Normalize the amount and frequency of sleep during training. This way you will be much more attentive and avoid memory lapses.

5. We ourselves learn better when we teach others

Information is absorbed better if it has to be shared with someone in the future. In this case, we structure knowledge better and remember more important details.

This is confirmed by a very revealing experiment. Scientists divided the participants into two equal groups and gave them the same tasks. According to legend, half of the subjects had to convey their knowledge to other people a little later. It is not hard to guess that future “teachers” showed a deeper level of assimilation. Researchers have seen with their own eyes the power of a “responsible mindset,” which has yielded such an effective result.

Approach learning from a “mentor” perspective.

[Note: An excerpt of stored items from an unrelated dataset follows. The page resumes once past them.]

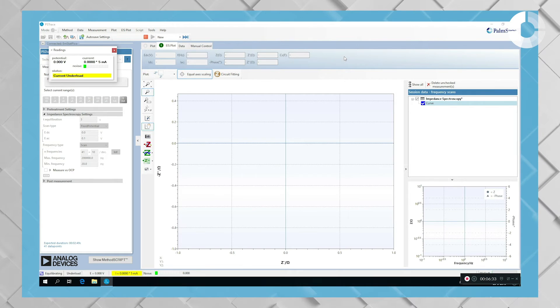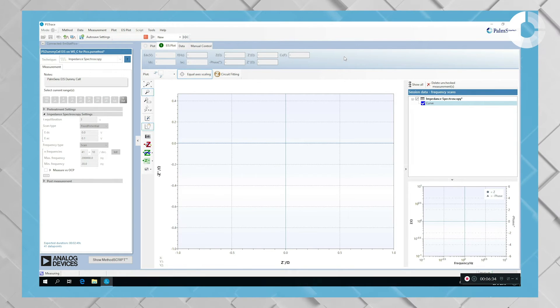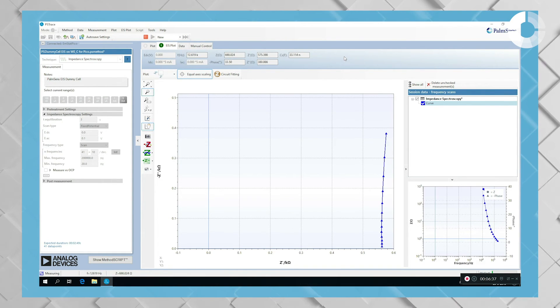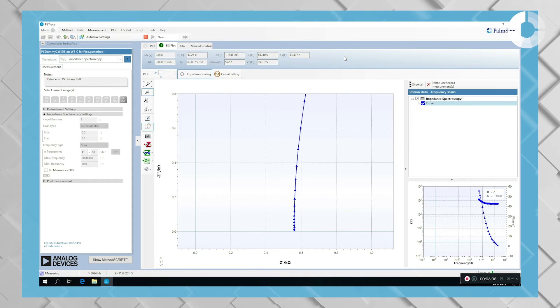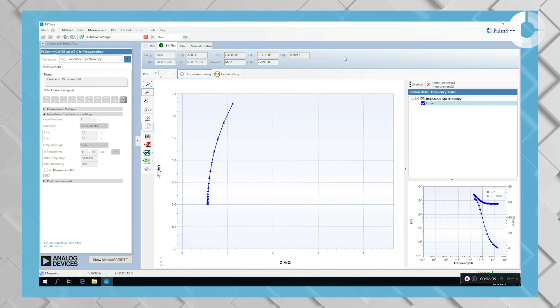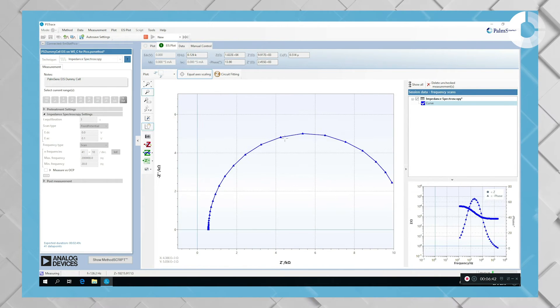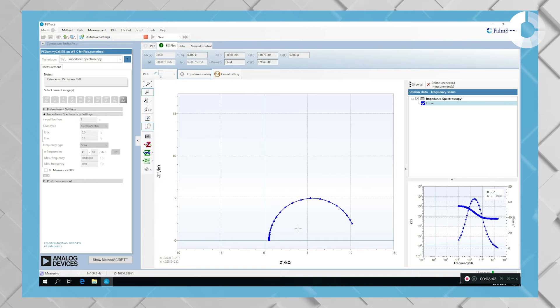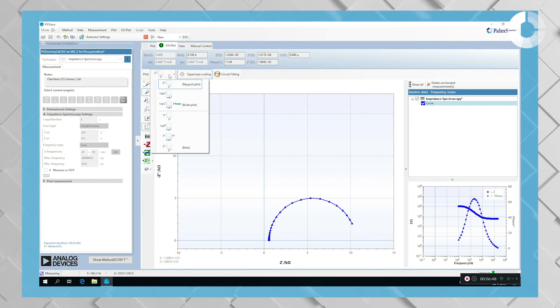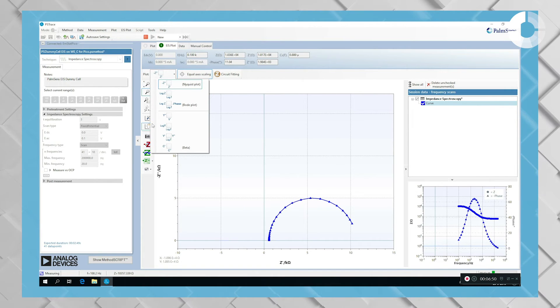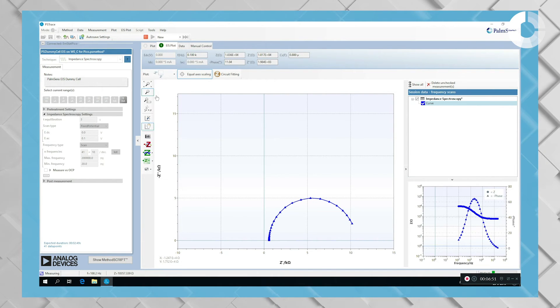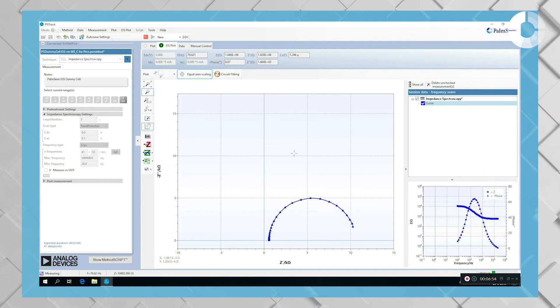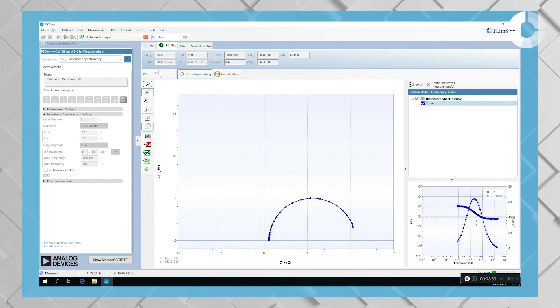So as typical for impedance measurements, the first points will go very quickly on the very high frequencies. The lower the frequency, the more the measurement will slow down. In the middle, you will see the Nyquist plot because that is the kind of plot I have selected in the top left of the plot window. And on the bottom right, you will always see Bode plot.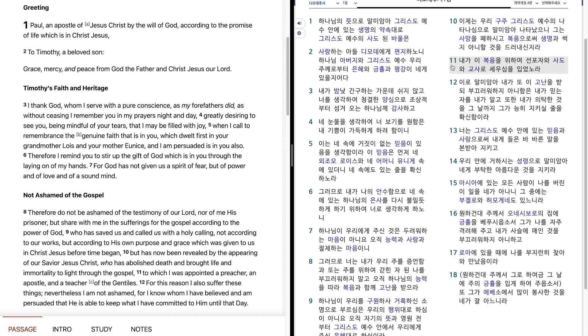내가 이 복음을 위하여 선포자와 사도와 교사로 세우심을 입었노라. 이로 말미암아 내가 또 이 고난을 받되 부끄러워하지 아니함은 내가 믿는 자를 내가 알고 또한 내가 의탁한 것을 그날까지 그가 능히 지키실 줄을 확신하미라.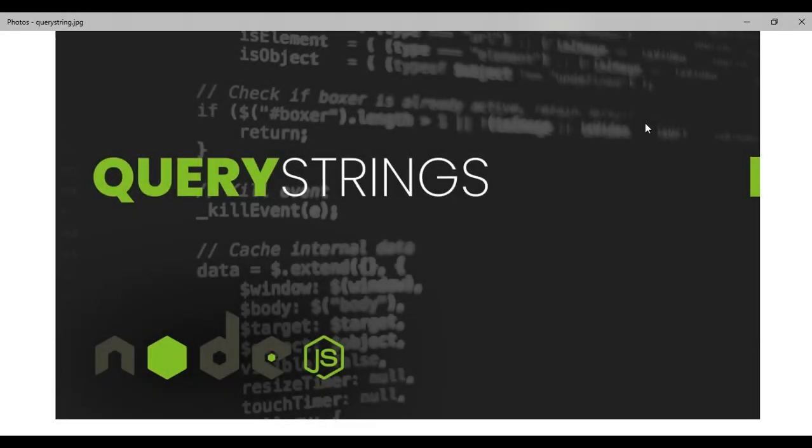Hello everyone and welcome to Codeflix. Today we will see something about query strings and how to apply them.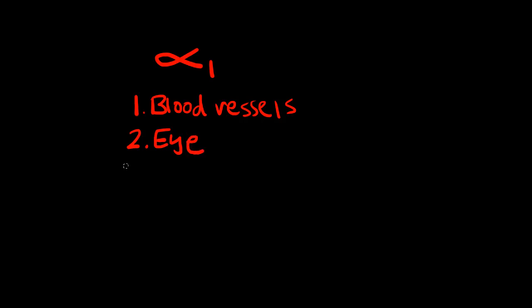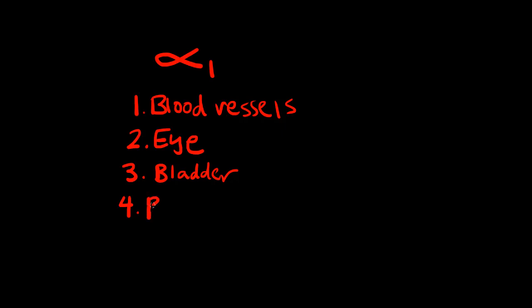Number three is going to be in the bladder. And number four, these are the main four places we're going to find alpha-1 receptors in the body, number four is going to be the prostate.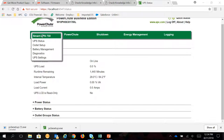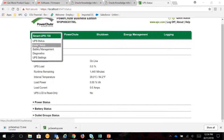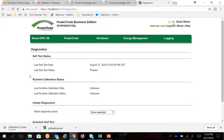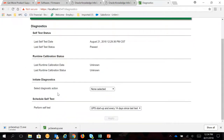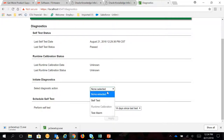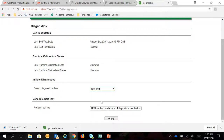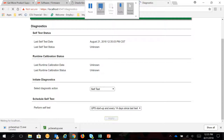Once you're already logged in to the PowerShoot Business Edition web interface, go under the Smart UPS tab, click on Diagnostics. Under Initiate Diagnostics, select Diagnostics Action, Self-Test, and click Apply.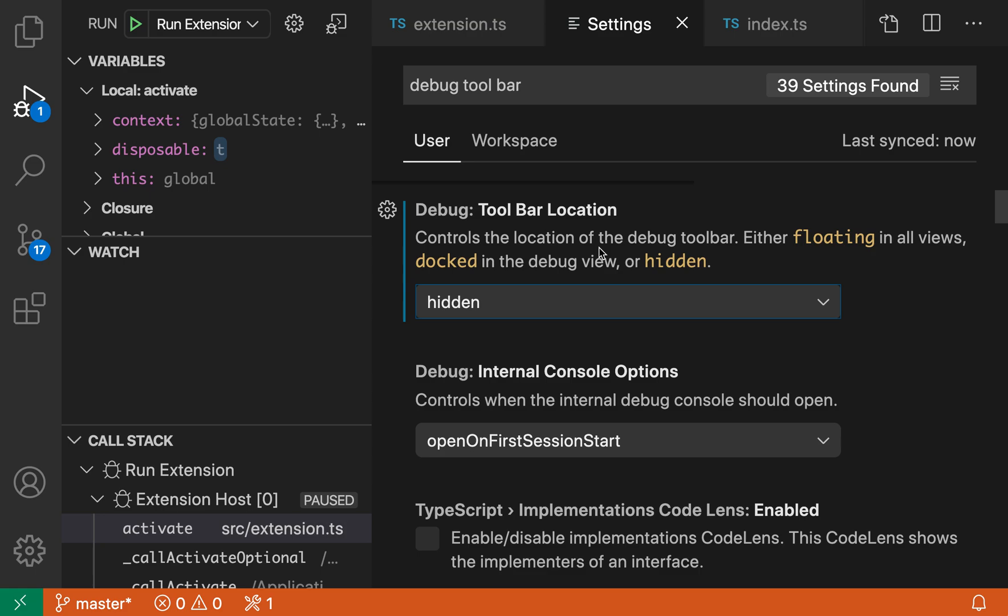So that's the debug toolbar location setting. If you're finding that the floating controls are getting in the way, try changing the value to docked instead.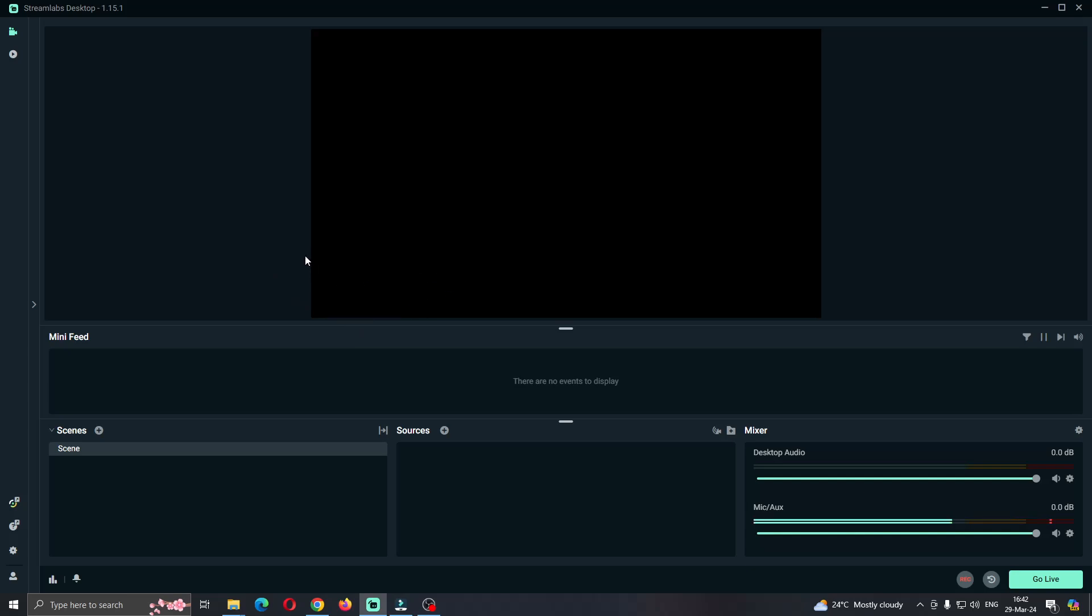The first thing you want to do is open up the official Streamlabs application if you haven't already. After opening up Streamlabs and logging in, you'll be greeted by this main page, which is the home page of the application where we can get started setting up our scenes. Here we have the mixer and so on.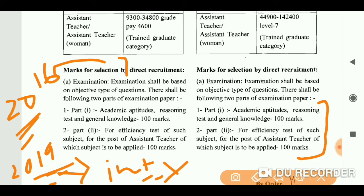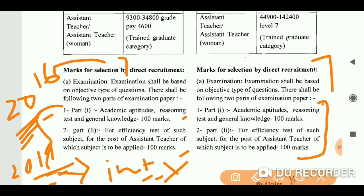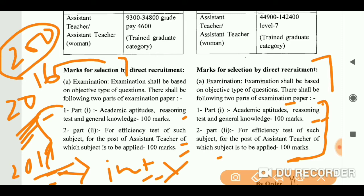Now coming to LT — as you can see here, Part One and Part Two are the same. If you look at this site, both sites will look the same to you. You will have Academic Aptitude, Reasoning, and General Knowledge — that will be 100 marks. And then your efficiency test for your subject — whichever your subject is, there will be 100 marks related to that subject. So in total you will have one paper of 200 marks.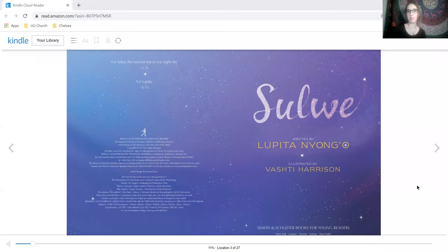So, our story today is called Solway. It's written by Lapita Yong-go.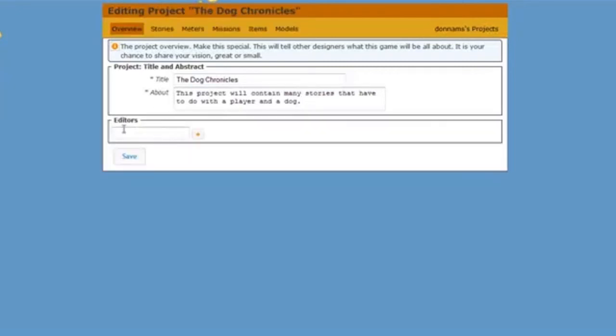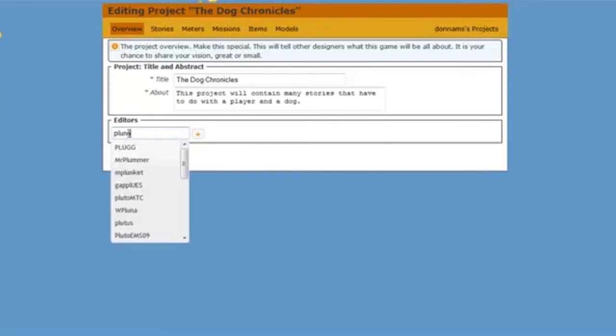And it will actually give me a place where I can add in editors. Now if you're working with a friend who's going to help you build this story, you can add them here by typing in their username.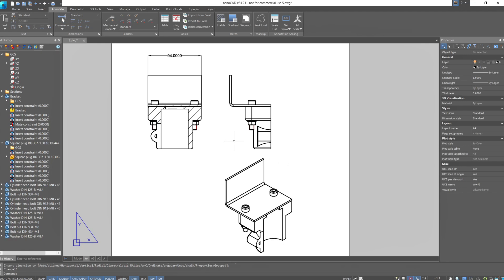This fifth lesson, focusing on working with assemblies and arrays, is coming to an end. Along with it, the entire course on the basics of 3D modeling on the NanoCAD platform wraps up. I hope you found this course interesting and useful. Thank you for your attention, and see you next time.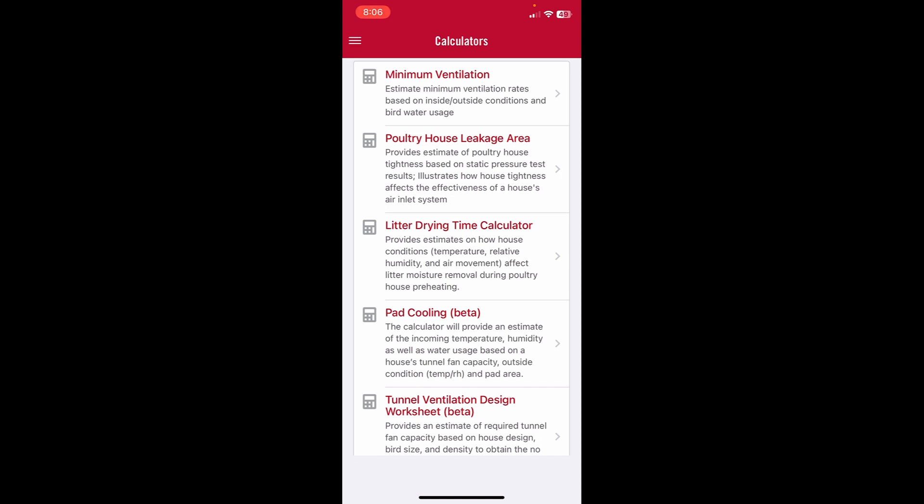The pad cooling calculator is contained within the Poultry 411 app. The calculator provides an estimate of the incoming temperature and humidity as well as water usage based on outside temperature and humidity, pad area, and fan capacity.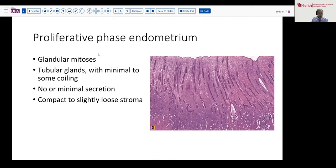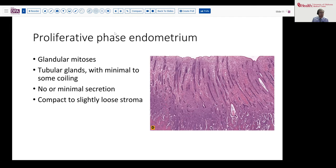I'm going to start with the proliferative stage. After menses have concluded, generally around days five or six of the cycle, the proliferative phase begins and can last about two weeks. Key features that should be seen at this stage are mitotic figures in the glands, and the glands tend to be quite tubular with occasional coiling or minimal changes. We have the proliferative glands and stroma, but we also have residual endometrial basalis. There is minimal dilatation or secretion within the lumina of these glands.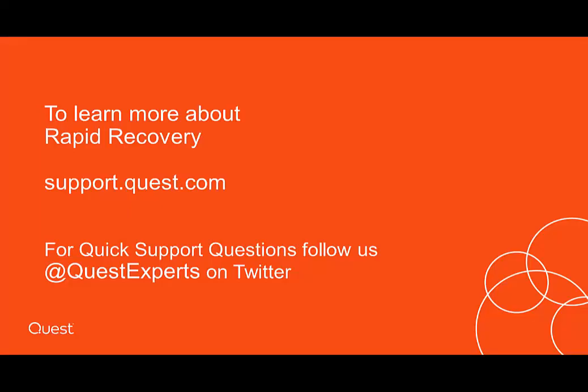To learn more about Rapid Recovery, please visit support.quest.com. For quick questions, follow us on Twitter at QuestExperts.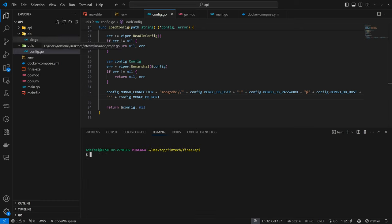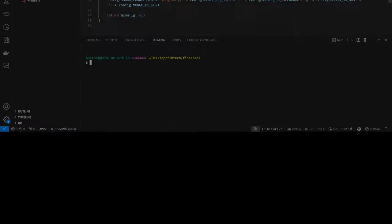We've been able to connect to our DB and build our configuration. We'll wrap up this episode here. In the next one we'll set up our server and install Gin so we can connect to the API. See you in the next episode.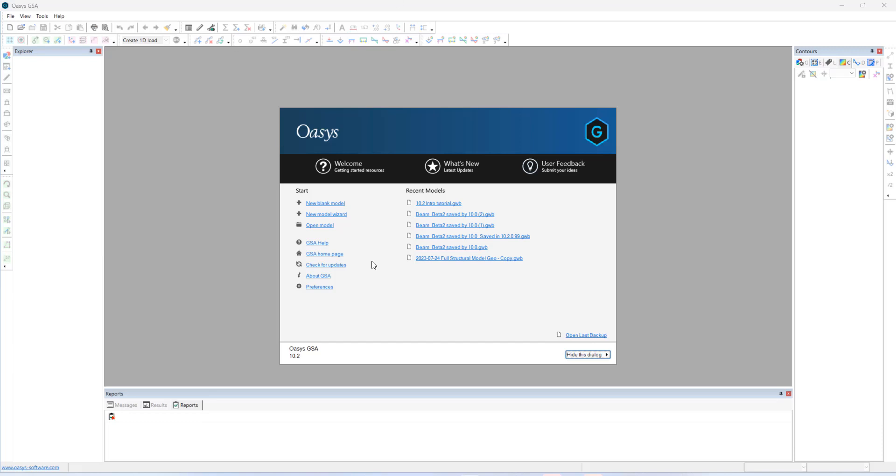Hello, in this short tutorial, we will be looking at creating a simple model in GSA 10.2.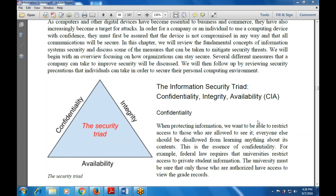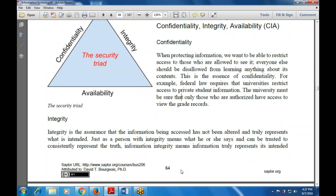Confidentiality means restricting access to information — for example, protecting your computer with a password. When protecting information, we want to restrict access to only those allowed to see it; everything else should be disallowed from learning anything about its content. For instance, federal law requires universities to restrict access to private student information, ensuring only authorized persons can view grade records.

So your subconscious mind will force the brain to distinguish the subtleties of similar definitions, carefully disassemble the material and delve into the nuances.

6. We learn better with alternation tactics

Often times, repetition seems like the only sure way to memorize information or hone a skill. You have used this method more than once when memorizing a poem or throwing into the goal with one hand. However, a less obvious alternation tactic may be more effective.

For example, in one experiment, participants were shown paintings of different artistic styles. The first group was shown sequentially six examples of each style, and the second - mixed (different schools in random order). The latter won: they guessed belonging to the style twice as often. Curiously, 70% of all subjects before the study were convinced that the sequence should give odds to the alternation.

You shouldn't get hung up on penalties only during training. When studying a foreign language, mix memorizing words with listening to speech in the original or in writing.